A pair of Canvasback was present in the Wolfville Sewage Treatment Lagoons, Kings, NS 26 Mar. (Jake Walker, ph. Harold Forsyth, ph. Rick Whitman et al.). Three Canvasback—2 males and a female—were present at the nearby New Minas Sewage Lagoons, Kings, NS 29–31 Mar. (ph. George Forsyth, ph. Richard Stern et al.). Interestingly, a male Canvasback was also present at Cranberry Head Lake, Yarmouth, NS 23–28 Mar. (ph. Angie and Tony Millard, ph. Paul Gould, ph. Mark Dennis et al.). While Tufted Duck is a regular visitor to Newfoundland, it is relatively rare to other parts of the region. In NS, 3 lingered into the season: a pair in Sullivan’s Pond , Halifax, observed 2–11 Mar (Steve Vines, Cale Mowat et al.), and a female at the Antigonish Sewage Treatment Plant, which was last reported 6 Mar (Angella MacDonald). The Tufted Duck first reported last season at Oysterbed Bridge, Queens, PE lingered through 14 Mar (Donna Martin). Subsequently, a male Tufted Duck was reported at the Bouctouche Water Treatment Plant, Kent, NB 2 May (Stella LeBlanc, Jean-Pierre LeBlanc, m. ob.). Rare in spring to St. Pierre et. Miquelon, a Lesser Scaup was in St. Pierre, St. Pierre Island 4 May (PB, JD). A Common Eider of the v-nigrum subspecies was an unexpected surprise when discovered 1 kilometer east of Portugal Cove South, Avalon Peninsula, NL, 12 Apr. (ph. BM); see S.A, at the end of this report.
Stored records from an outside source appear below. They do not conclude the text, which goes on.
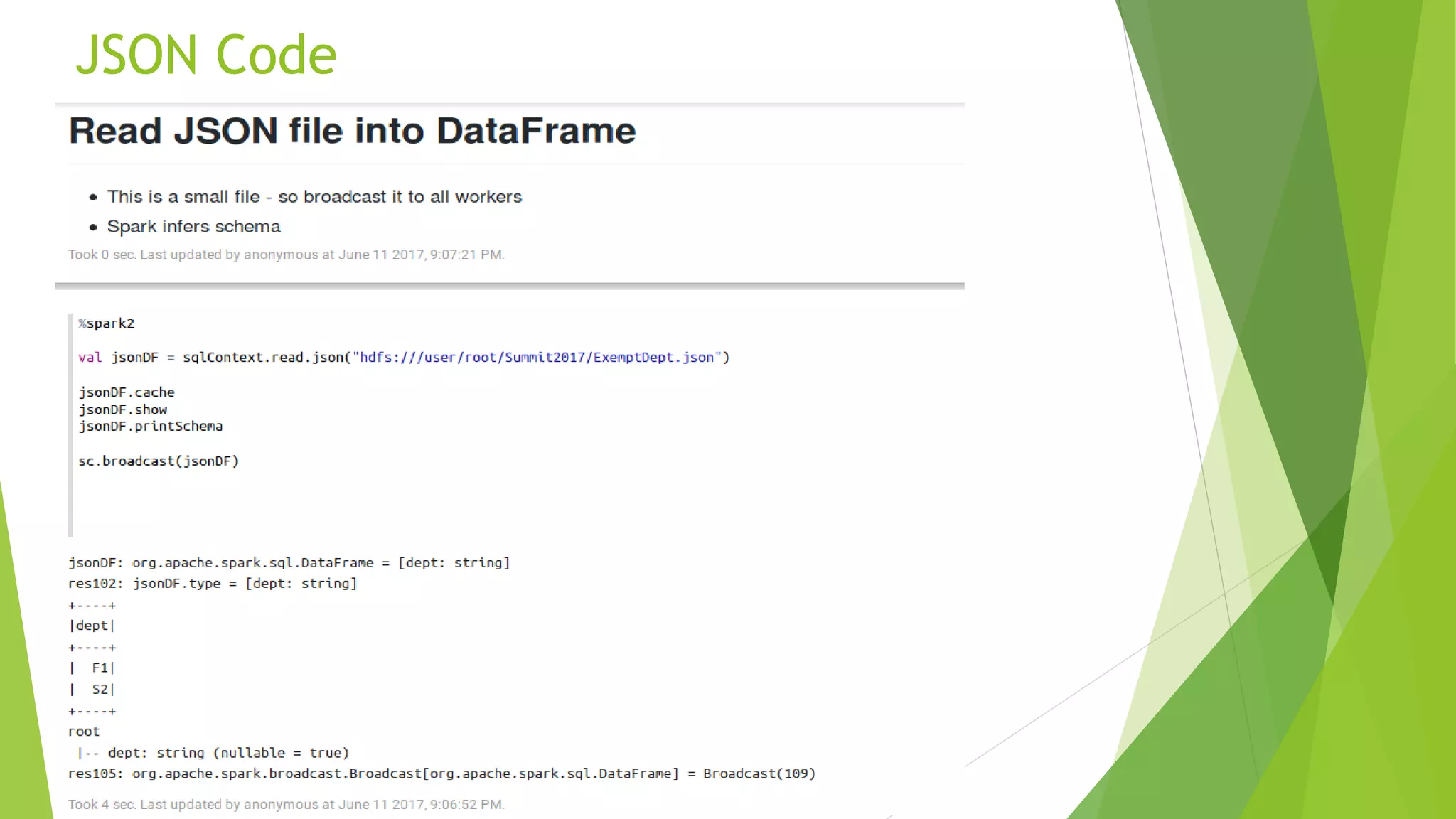 JSON Code 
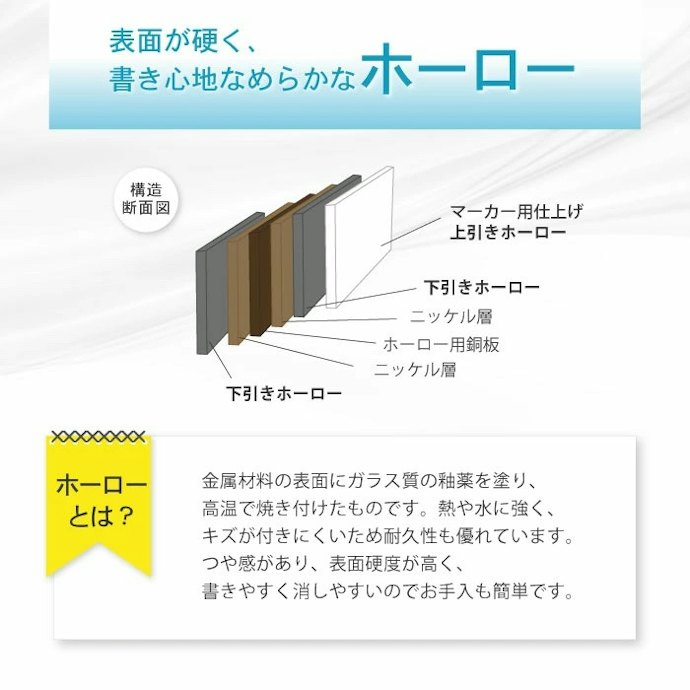 使い心地や耐久性にこだわるなら、ホーローがおすすめ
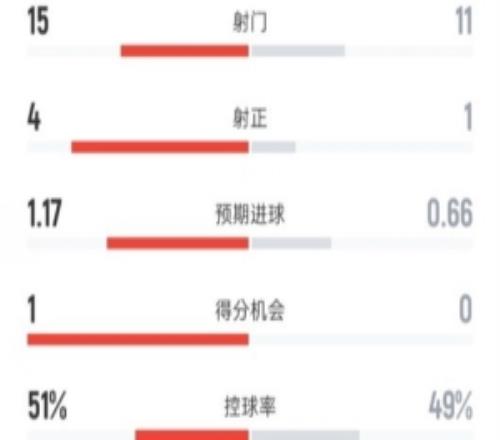 桑德蘭00曼聯(lián)全場(chǎng)數(shù)據(jù)：射門(mén)1511，射正41，控球率51%49%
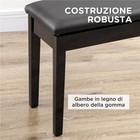 Foto 4 di 8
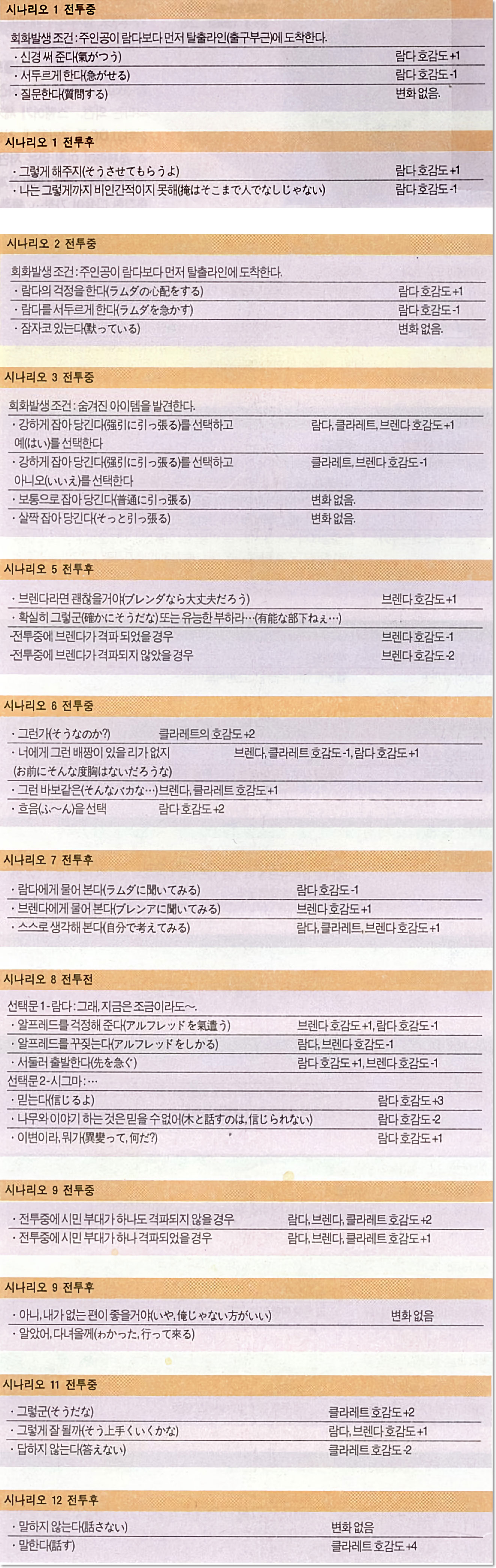 선택지 - 1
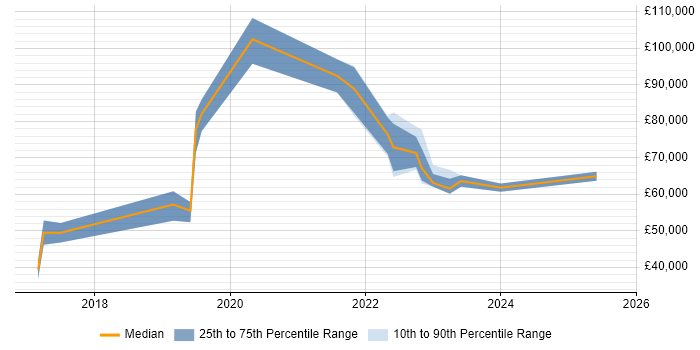 Salary distribution trend for jobs with remote work options citing Pattern Recognition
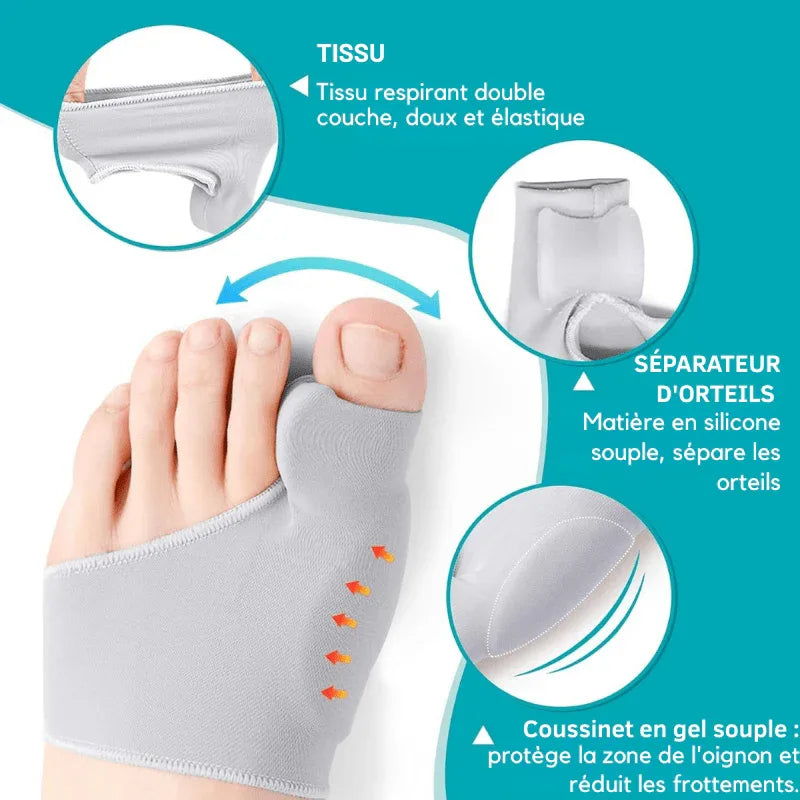CompressCare - Correcteur d'hallux valgus pour adolescents | Sans douleur et discret - Rondor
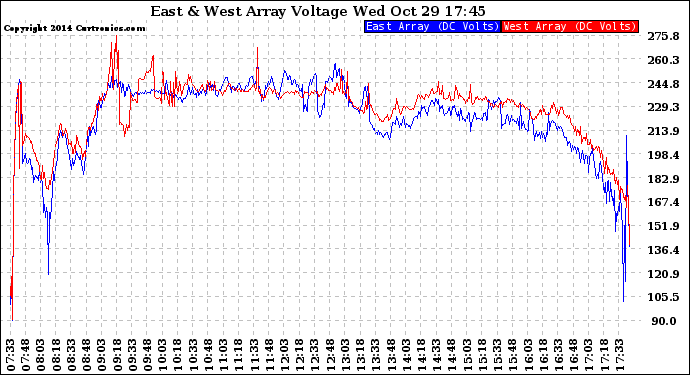 Solar PV/Inverter Performance Photovoltaic Panel Voltage Output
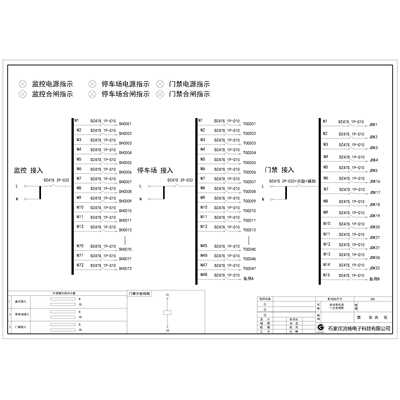 28U Distribution Unit Delixi 3-Circuit Feed 135-Circuit Monitoring , Access Control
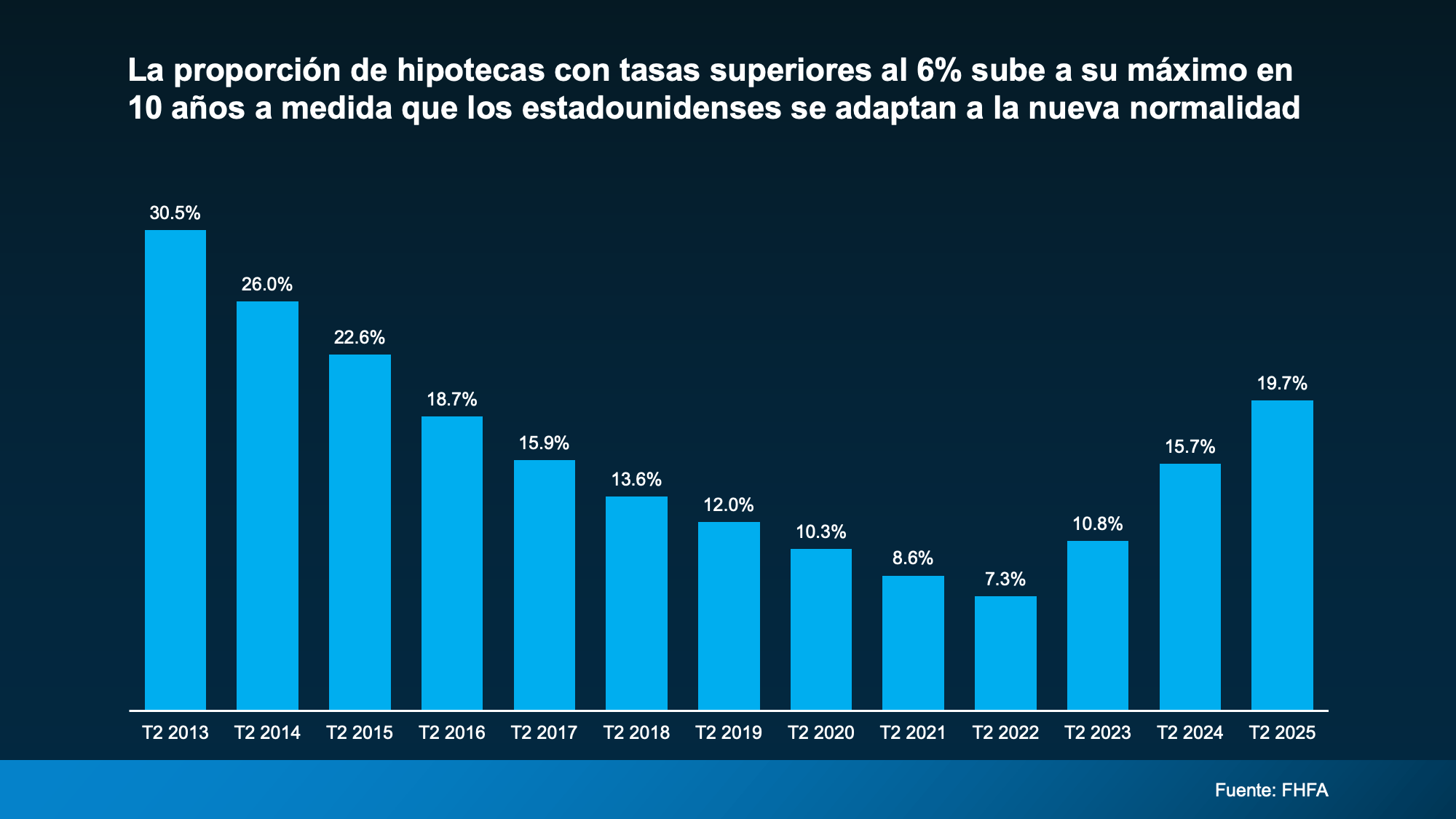 Grafica tasas de interés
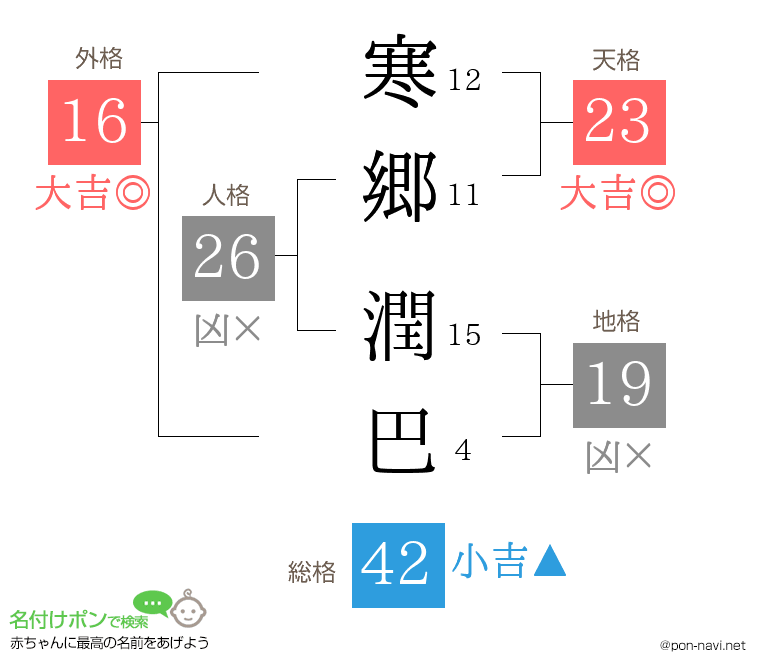 寒郷 潤巴さんの姓名判断結果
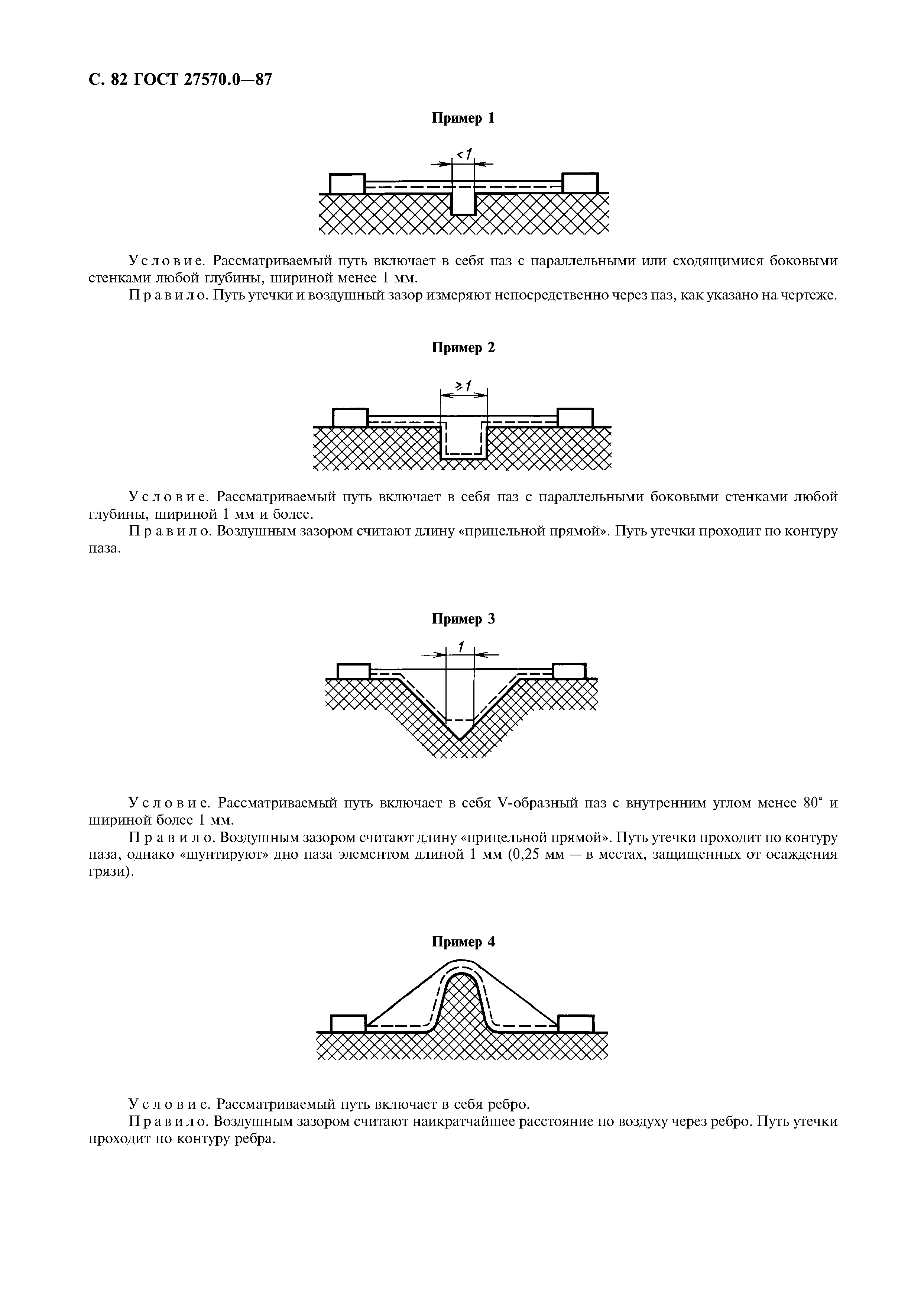 ГОСТ 27570.0-87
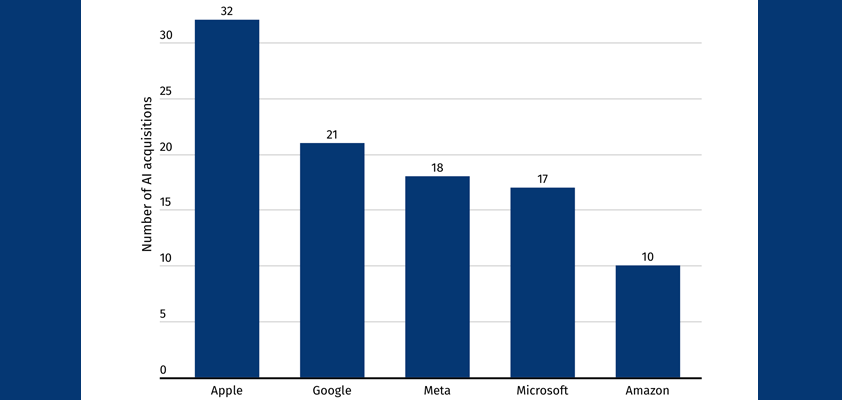 apple record ai acquisitions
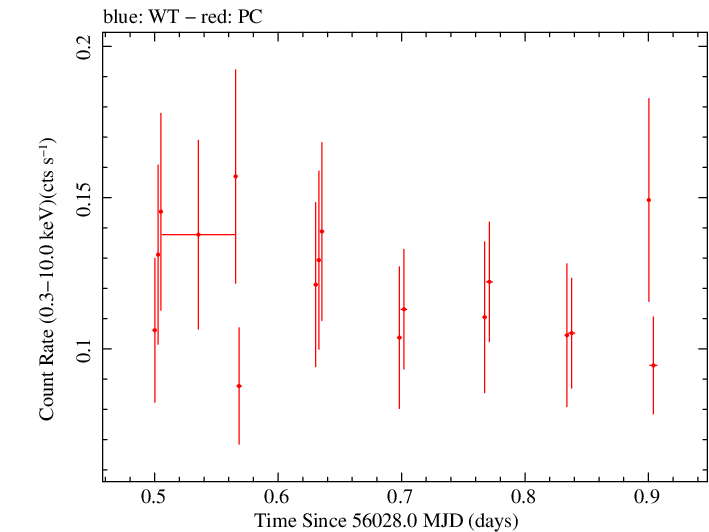 Swift light curve for Observation ID 00032333002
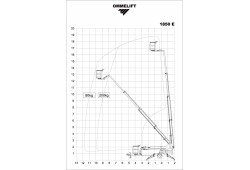 nacelle tractable télescopique abaque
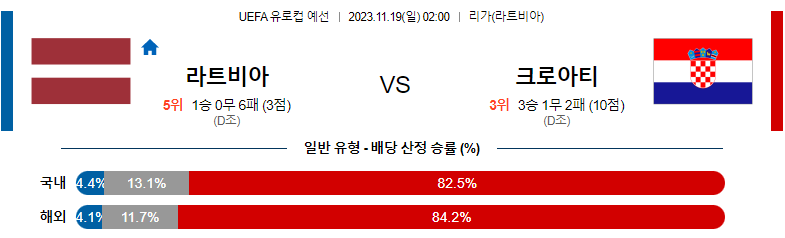 11월19일 UEFA 유로컵 예선 라트비아 크로아티아 해외축구분석 스포츠분석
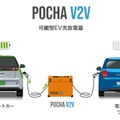 損害保険ジャパンとプライムアシスタンスは、電気自動車（EV）の電欠時に現場で急速充電を行うサービスの提供を一部地域で開始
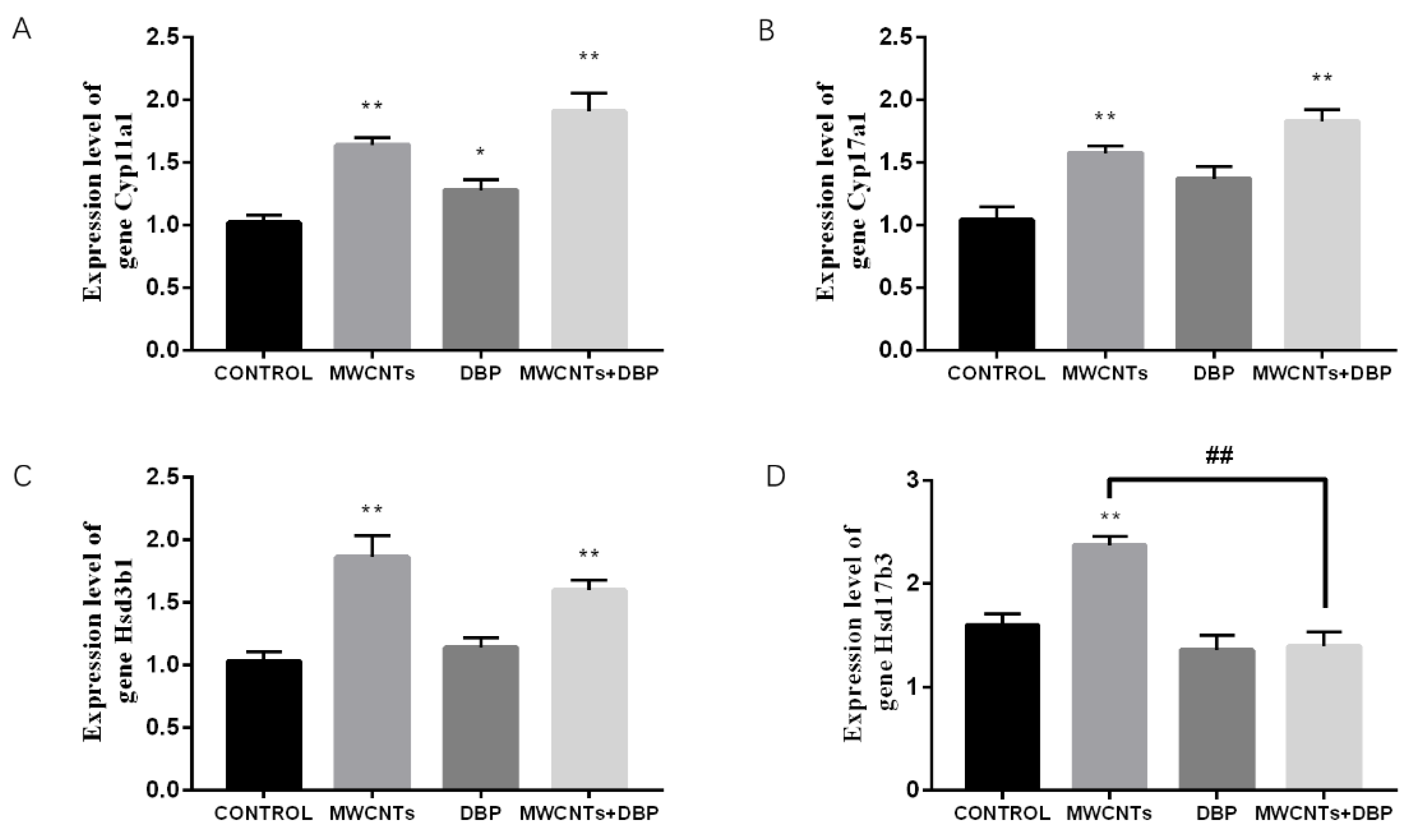 Toxics 11 00565 g009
A number of Bufflehead, rare in spring to St. Pierre et. Miquelon, were reported this season: a female was in St. Pierre, St. Pierre Island 1 Mar–1 Apr. (PB, JD Patrick Hacala), while on the Langlade Isthmus, Miquelon Island 2 males and a female were present 26 Apr. (RE); they were joined by an additional 3 males and 3 females 11 May (RE). Spruce Grouse is rarely observed in Nova Scotia, and the extent of the population is not known, so one in Walton Woods, Hants 7 May was an exceptional find (Donald MacLaughlin). A Pied-billed Grebe observed off of Lockport Station, Shelburne, NS 1 Mar was very early (ph. Kathleen MacAulay). A Western Grebe was an exceptional find at Mace’s Bay, Charlotte, NB 6 Mar (ph. David Clark, Anne Bardou); it provided the province with its second record of that species (fide Richard Blacquiere). The Eurasian Collared-Dove continued its presence in Melvern Square, Annapolis, NS; it was reported 11 Mar. (ph. Larry Neily et al.). A vagrant to Nova Scotia, a White-winged Dove was observed on a driveway in Port Mouton, Queens (Ken MacAulay). A Chuck-will’s-widow was heard calling on the Halifax Peninsula, Halifax, NS 25 May (Sebastián Pardo). A Ruby-throated Hummingbird at feeders in Sampsonville, Richmond, Cape Breton, NS 14 Apr. (Troy Allen) was exceptionally early—possibly due to entrainment into and northward by an east coast storm (fide Rick Whitman). A deceased Purple Gallinule found in St. George’s Marsh, Charlotte, NB 21 Apr. (ph. Jim and Therese Carroll) was an exceptionally rare find. Sandhill Cranes continue their incursion into the region with numerous individuals being reported in both New Brunswick and Nova Scotia. Perhaps more exceptionally rare was the report of 2 Sandhill Cranes in the far north at Nunatsiavut–Nain, NL 9 May (Joseph Townley). Similarly, 2 Sandhill Cranes were observed at Notre-Dame Bay—Lewisporte, Labrador, NL 12 May (Barry Day), and one was observed nearby at Happy Valley—Goose Bay, Labrador, NL 12 and 19 May (Tony Chubbs). Subsequently, 2 Sandhill Cranes were then discovered and photographed near Parson’s Pond, Northern Peninsula, NL 25 May (fide BM), while another was observed flying over St. John’s, NL 28 May (ph. Ethel Dempsey).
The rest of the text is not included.